"""Minimal essential tests for Semantic Bit Theory v2.0

Focused smoke tests to catch regressions before Django integration.
Tests cover: pattern detection, critical bugs, schema compliance, enrichments, and E2E.

Run with: pytest tests/test_semantic_v2.py -v
"""

import pytest
import sys
import os
from pathlib import Path

# Add src to path for imports
sys.path.insert(0, str(Path(__file__).parent.parent / 'src'))

from semantic_bit import (
    encode_text_to_sb,
    decode_sb_to_dot,
    map_assets_to_points,
    map_functions_to_lines,
    validate_text_for_encoding,
    ValidationLevel,
)
from semantic_bit.core.schema import SEMANTIC_BIT_JSON_SCHEMA_V2


# =============================================================================
# 1. Pattern Detection Smoke Tests (6 tests - one per pattern type)
# =============================================================================

class TestPatternDetection:
    """Smoke tests for all 6 pattern types."""

    def test_triple_pattern(self):
        """Test: Point → Line → Point detection."""
        # Use -ing form for reliable verb detection
        text = "The cat is sitting on the mat."
        result = encode_text_to_sb(text)

        assert result['version'] == '2.0'
        assert len(result['sentences']) == 1
        assert result['sentences'][0]['type'] == 'triple'
        assert 'point1' in result['sentences'][0]
        assert 'line1' in result['sentences'][0]
        assert 'point2' in result['sentences'][0]

    def test_line_point_pattern(self):
        """Test: Line → Point detection (questions)."""
        text = "What is a cactus?"
        result = encode_text_to_sb(text)

        assert result['version'] == '2.0'
        assert len(result['sentences']) == 1
        assert result['sentences'][0]['type'] == 'line-point'
        assert 'line' in result['sentences'][0]
        assert 'point' in result['sentences'][0]
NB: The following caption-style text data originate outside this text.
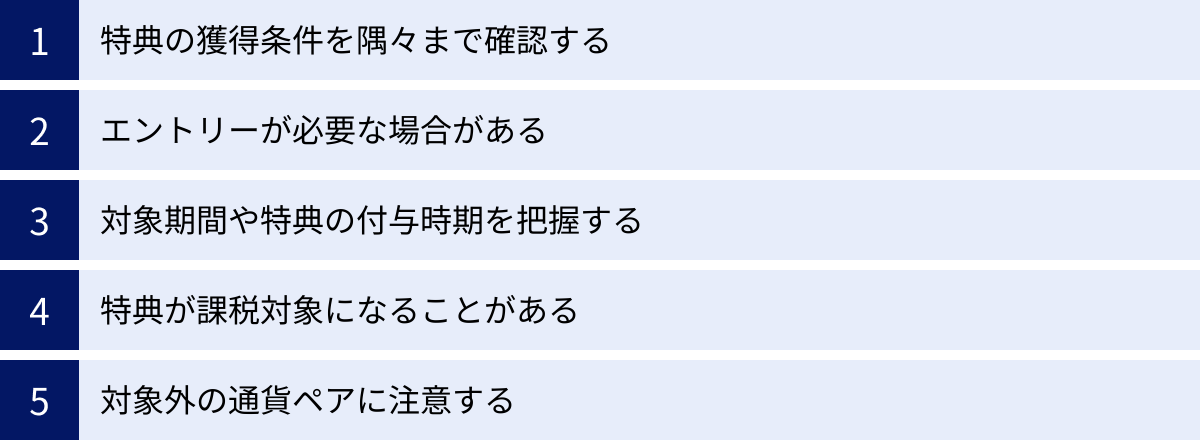 特典の獲得条件を隅々まで確認する、エントリーが必要な場合がある、対象期間や特典の付与時期を把握する、特典が課税対象になることがある、対象外の通貨ペアに注意する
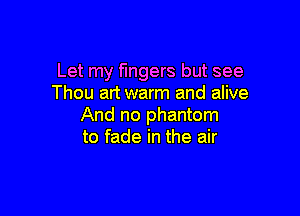 Let my fingers but see
Thou art warm and alive

And no phantom
to fade in the air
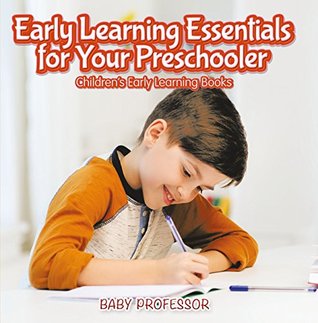 Full Download Early Learning Essentials for Your Preschooler - Children's Early Learning Books - Baby Professor | PDF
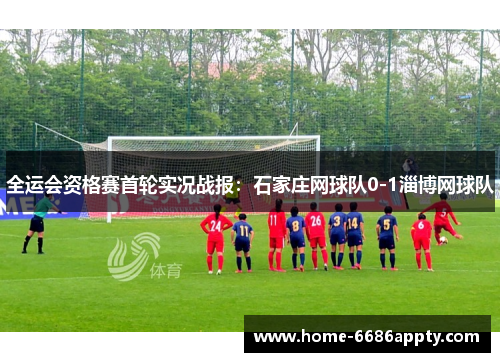 全运会资格赛首轮实况战报：石家庄网球队0-1淄博网球队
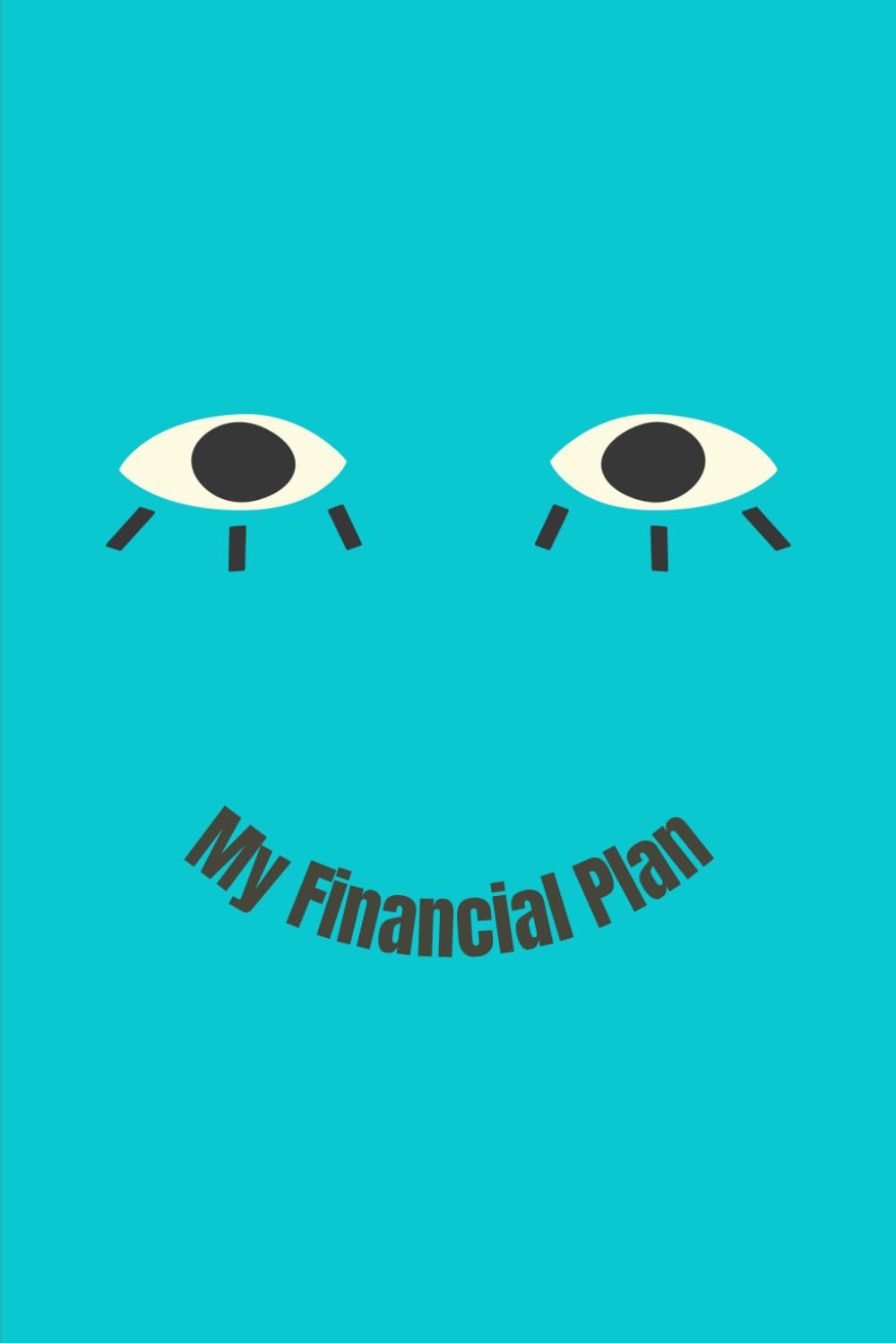 My Financial Plan, Tracker, Journal, Budget, 6'' X 9'', 160 pages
    def test_point_line_pattern(self):
        """Test: Point → Line detection."""
        text = "The dog barks."
        result = encode_text_to_sb(text)

        assert result['version'] == '2.0'
        assert len(result['sentences']) == 1
        sentence_type = result['sentences'][0]['type']
        # Could be point-line or point depending on verb detection
        assert sentence_type in ['point-line', 'point']

    def test_point_point_pattern(self):
        """Test: Point ≡ Point detection (appositions)."""
        text = "My friend, a talented artist."
        result = encode_text_to_sb(text)

        assert result['version'] == '2.0'
        assert len(result['sentences']) == 1
        # Can be detected as triple or point depending on punctuation handling
        assert result['sentences'][0]['type'] in ['point-point', 'point', 'triple']

    def test_point_only_pattern(self):
        """Test: Single Point detection."""
        text = "A cactus."
        result = encode_text_to_sb(text)

        assert result['version'] == '2.0'
        assert len(result['sentences']) == 1
        assert result['sentences'][0]['type'] == 'point'
        assert 'content' in result['sentences'][0]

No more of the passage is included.